** DATASET EXTRACT follows **

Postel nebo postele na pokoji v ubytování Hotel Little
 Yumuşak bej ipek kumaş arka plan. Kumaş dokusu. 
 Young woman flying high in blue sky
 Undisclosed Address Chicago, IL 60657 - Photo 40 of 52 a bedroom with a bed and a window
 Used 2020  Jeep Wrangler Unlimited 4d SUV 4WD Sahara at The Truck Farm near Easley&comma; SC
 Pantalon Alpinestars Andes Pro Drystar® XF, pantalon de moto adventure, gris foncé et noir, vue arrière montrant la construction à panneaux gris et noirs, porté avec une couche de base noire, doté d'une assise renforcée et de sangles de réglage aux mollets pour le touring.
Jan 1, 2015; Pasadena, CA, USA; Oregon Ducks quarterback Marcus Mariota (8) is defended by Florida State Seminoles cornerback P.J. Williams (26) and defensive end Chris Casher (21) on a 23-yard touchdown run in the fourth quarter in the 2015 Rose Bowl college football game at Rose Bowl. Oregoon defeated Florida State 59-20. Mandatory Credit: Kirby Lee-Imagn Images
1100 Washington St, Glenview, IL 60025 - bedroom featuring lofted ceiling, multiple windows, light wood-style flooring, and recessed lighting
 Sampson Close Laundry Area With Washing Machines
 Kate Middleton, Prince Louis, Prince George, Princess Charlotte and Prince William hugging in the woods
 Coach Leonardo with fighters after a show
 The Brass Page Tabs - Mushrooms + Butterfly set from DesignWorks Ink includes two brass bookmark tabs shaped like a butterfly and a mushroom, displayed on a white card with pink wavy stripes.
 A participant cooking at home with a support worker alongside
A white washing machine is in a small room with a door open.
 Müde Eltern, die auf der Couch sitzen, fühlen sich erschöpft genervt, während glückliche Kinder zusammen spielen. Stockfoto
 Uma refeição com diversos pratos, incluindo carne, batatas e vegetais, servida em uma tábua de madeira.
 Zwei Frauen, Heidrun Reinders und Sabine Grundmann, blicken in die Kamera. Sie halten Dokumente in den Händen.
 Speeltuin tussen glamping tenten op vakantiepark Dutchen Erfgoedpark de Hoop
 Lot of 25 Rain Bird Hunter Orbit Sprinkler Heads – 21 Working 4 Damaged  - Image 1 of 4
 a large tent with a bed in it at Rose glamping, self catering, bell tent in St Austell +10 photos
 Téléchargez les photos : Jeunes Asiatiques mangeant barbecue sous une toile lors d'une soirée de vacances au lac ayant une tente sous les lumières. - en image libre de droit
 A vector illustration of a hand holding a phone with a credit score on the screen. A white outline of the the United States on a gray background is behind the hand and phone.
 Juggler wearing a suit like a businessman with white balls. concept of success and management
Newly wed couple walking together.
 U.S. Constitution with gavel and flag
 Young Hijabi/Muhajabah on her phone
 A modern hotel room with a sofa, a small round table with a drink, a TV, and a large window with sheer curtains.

** End of DATASET EXTRACT **

The only reply wanted is the number of lines in the records above containing the word "Rose".

> [RESPONSE]
2